YOUR GOAL: Here the job is to print only the lines from the one containing "Bahar Bin Smith" to the end of the entries, both included, exactly as they stand, with pictures excluded.

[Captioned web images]
((

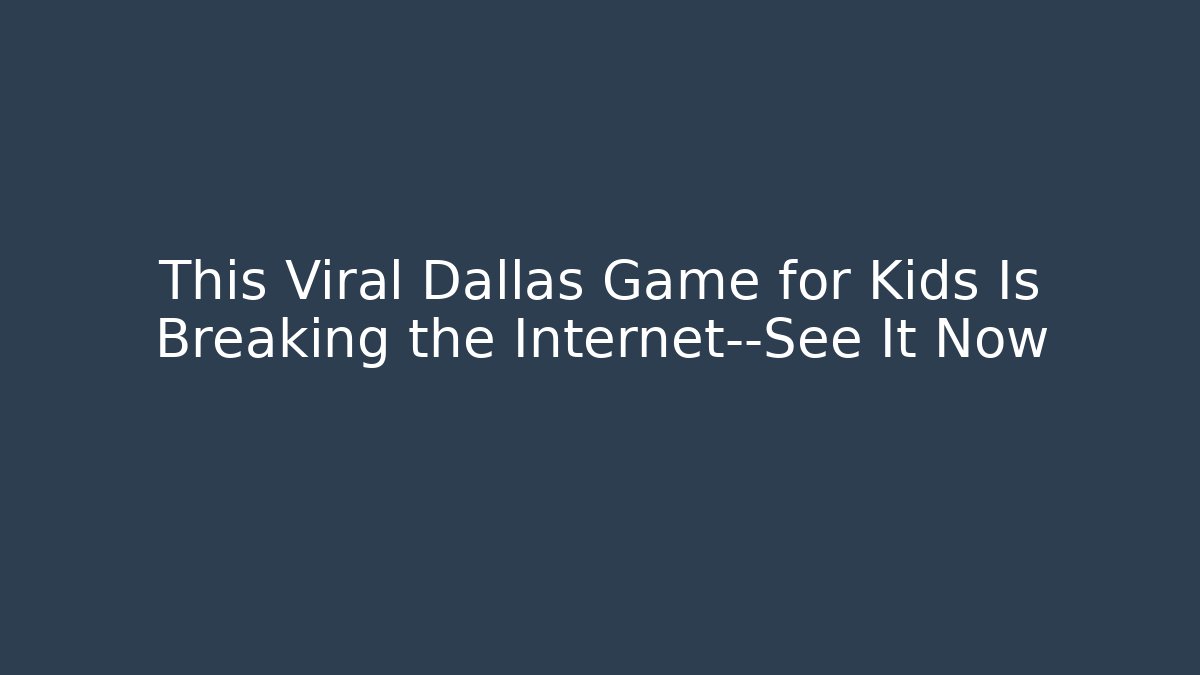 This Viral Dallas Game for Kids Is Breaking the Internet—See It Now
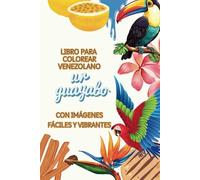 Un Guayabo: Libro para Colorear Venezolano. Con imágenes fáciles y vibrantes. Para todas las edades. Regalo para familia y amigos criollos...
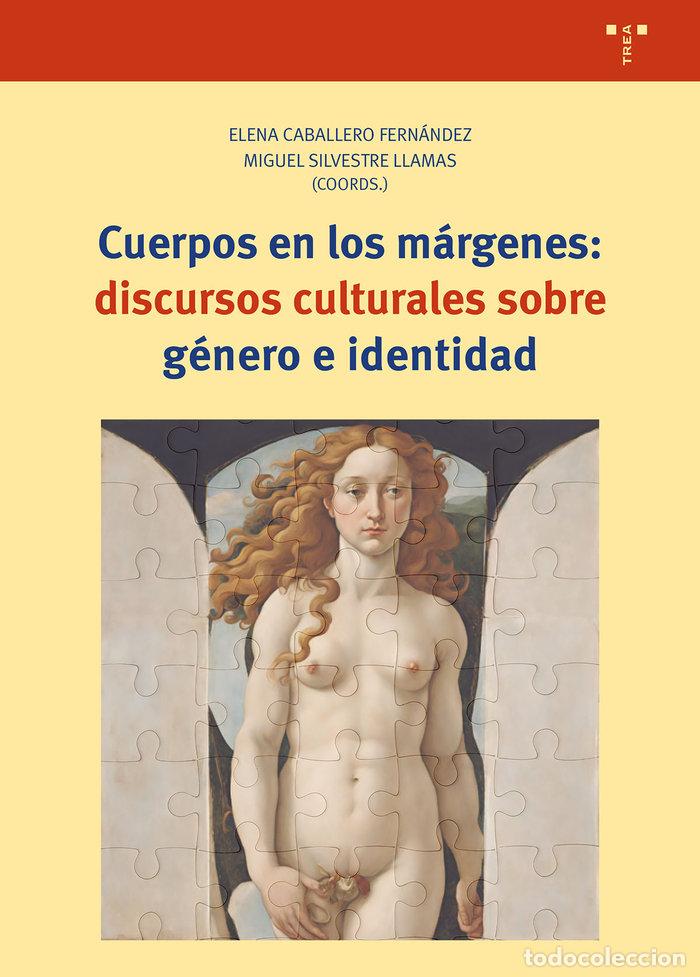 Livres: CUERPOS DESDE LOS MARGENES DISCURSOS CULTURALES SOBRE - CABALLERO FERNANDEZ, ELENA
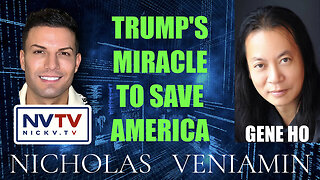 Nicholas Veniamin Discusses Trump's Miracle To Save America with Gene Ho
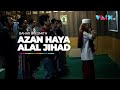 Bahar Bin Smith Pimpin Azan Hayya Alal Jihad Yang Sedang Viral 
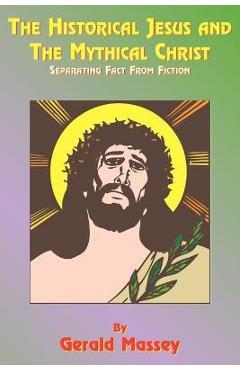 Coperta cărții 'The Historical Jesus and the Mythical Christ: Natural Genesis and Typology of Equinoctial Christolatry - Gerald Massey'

))

REPLY:
 Bahar Bin Smith Pimpin Azan Hayya Alal Jihad Yang Sedang Viral 
 Coperta cărții 'The Historical Jesus and the Mythical Christ: Natural Genesis and Typology of Equinoctial Christolatry - Gerald Massey'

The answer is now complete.